Anyway, we levelled off only a few thousand feet up, giving us a superb view of the Andes all the way to the coast. At points we were flanked by rocky peaks that rose up even higher than us. Phenomenal.
An hour later we started our descent, coming in low over the jungle. There was absolutely nothing around, just miles and miles of completely uninhabited tree-lined beaches. And somewhere, hidden in the forest, Playa Morromico was waiting for us.
The airport we landed at was just a clearing in the jungle by the sea. Next to it there was a building that looked like a control tower, but it had no radar mast, and nobody was manning it. We made our way into the airport terminal, a square yellow building with large glass windows looking into town. Kids on the other side tapped their hands and blew their mouths on the glass, trying to get our attention as if we were fish in a tank. All the passengers getting off our plane were white, all the locals were black.
We went straight to a bar and sat outside drinking a cold beer, waiting to be taken to the hotel. Some of the kids in town had yellow patches in their hair from malnutrition. It’s a funny feeling, hanging out in a town full of people who have no money, drinking a beer and waiting to be chauffeured to your hotel.
The history of coastal towns in Colombia, and the reason why they’re almost entirely black has to do with slavery, the war of independence, Spanish militias, enduring racism and kinship. 5 million black slaves were shipped through Cartagena, and since arriving they’ve escaped, convinced others to escape, armed themselves, fled deep into the jungle and founded these entirely inaccessible towns for their own protection – the harder they were to find and the denser the jungle, the harder they’d be to re-capture. And now, as nobody who lives here counts (politically speaking), the government all-but ignores these coastal communities.

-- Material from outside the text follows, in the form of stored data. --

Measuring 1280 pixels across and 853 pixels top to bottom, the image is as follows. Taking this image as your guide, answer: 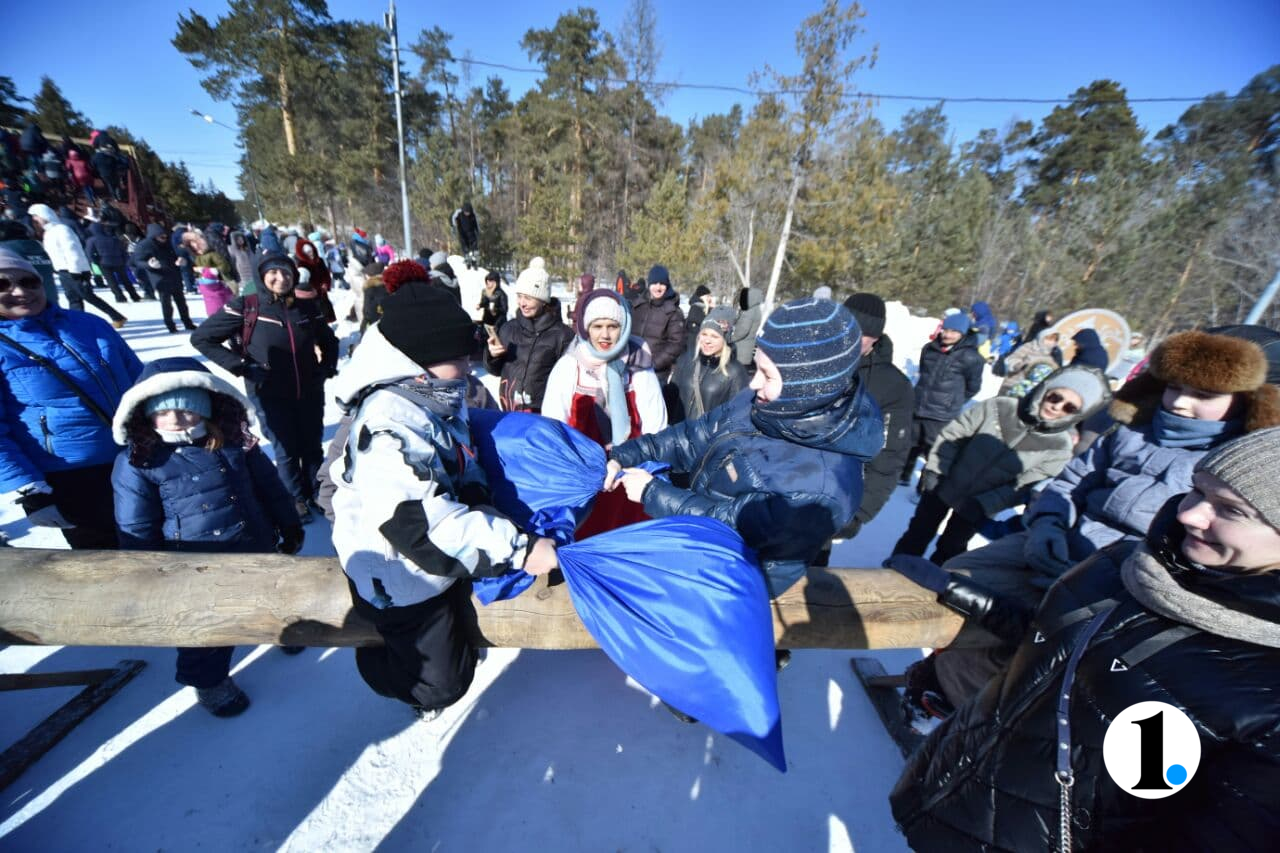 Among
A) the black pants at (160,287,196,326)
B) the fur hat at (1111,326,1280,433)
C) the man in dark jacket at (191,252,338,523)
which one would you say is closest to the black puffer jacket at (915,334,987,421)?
the fur hat at (1111,326,1280,433)

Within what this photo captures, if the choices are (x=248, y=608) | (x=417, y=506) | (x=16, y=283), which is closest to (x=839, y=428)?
(x=417, y=506)

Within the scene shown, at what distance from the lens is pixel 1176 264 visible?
17.0m

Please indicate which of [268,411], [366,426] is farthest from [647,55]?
[366,426]

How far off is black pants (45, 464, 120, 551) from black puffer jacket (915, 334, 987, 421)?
595cm

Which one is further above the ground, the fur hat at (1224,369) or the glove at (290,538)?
the fur hat at (1224,369)

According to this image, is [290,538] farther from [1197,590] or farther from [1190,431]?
[1190,431]

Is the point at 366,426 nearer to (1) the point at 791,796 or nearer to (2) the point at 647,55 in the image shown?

If you’d like to read more about why these remote towns were founded – and why they are so poor today – you can do so here. But, it’s important to note that being ignored, forgotten and all-but excluded from politics is a large reason why so many black, indigenous and ethnic minority groups have joined FARC. Before they were narco-trafficking kidnappers, they’d started out wanting justice.
At the mouth of the river we were met by 5 army guys on a fortified pier who boarded and rooted through our stuff. They asked for our captain’s ID – the only black guy on board. Given the all clear, we got out onto the ocean and headed East along the coast. Vultures and eagles soared above, and the shoreline was an unbroken thatch of dense jungle, other than the odd telephone mast. Ahead of us the cliffs of a few small, tree-topped islands sliced out of the sea. Rain clouds darkened the horizon. The landscape we both sort-of terrifying and tranquil.

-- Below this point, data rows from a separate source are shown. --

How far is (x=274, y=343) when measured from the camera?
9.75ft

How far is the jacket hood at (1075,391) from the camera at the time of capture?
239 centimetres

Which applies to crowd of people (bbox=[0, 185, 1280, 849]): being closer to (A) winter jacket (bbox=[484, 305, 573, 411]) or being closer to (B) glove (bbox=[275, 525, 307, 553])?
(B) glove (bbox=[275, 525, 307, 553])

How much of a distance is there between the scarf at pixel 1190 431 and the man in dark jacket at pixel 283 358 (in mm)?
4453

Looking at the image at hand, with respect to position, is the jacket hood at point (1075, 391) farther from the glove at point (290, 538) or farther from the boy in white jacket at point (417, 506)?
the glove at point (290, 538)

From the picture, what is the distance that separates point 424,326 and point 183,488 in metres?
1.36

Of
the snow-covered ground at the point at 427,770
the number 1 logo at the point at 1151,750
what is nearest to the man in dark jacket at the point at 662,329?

Along the way I interviewed Pablo, our host from Medellin, opening with the traditional British icebreaker: does it rain often here? He said it was generally rainy. His Dad had visited the area 36 years ago, fell in love with the place and decided to stay. His Dad’s friends would often ask to stay with them, so after a while he decided to open a hotel. Three years later Pablo was born. He’s 17 now, and helping with their hotel, speaking English that he learned when studying for a year in Canada.
Playa Morromico was as secluded as you can get. Over an hour by motorboat from town, nestled amongst the trees at the back of its very own cove. Pablo told us that shortly after his Dad was given land there (he was told he could just have it), the land surrounding it became a protected national park. So now, although they can build whatever they want, nobody else can move here. They’ve been given, for free, a small section of what has become a protected national park. Amazingly lucky.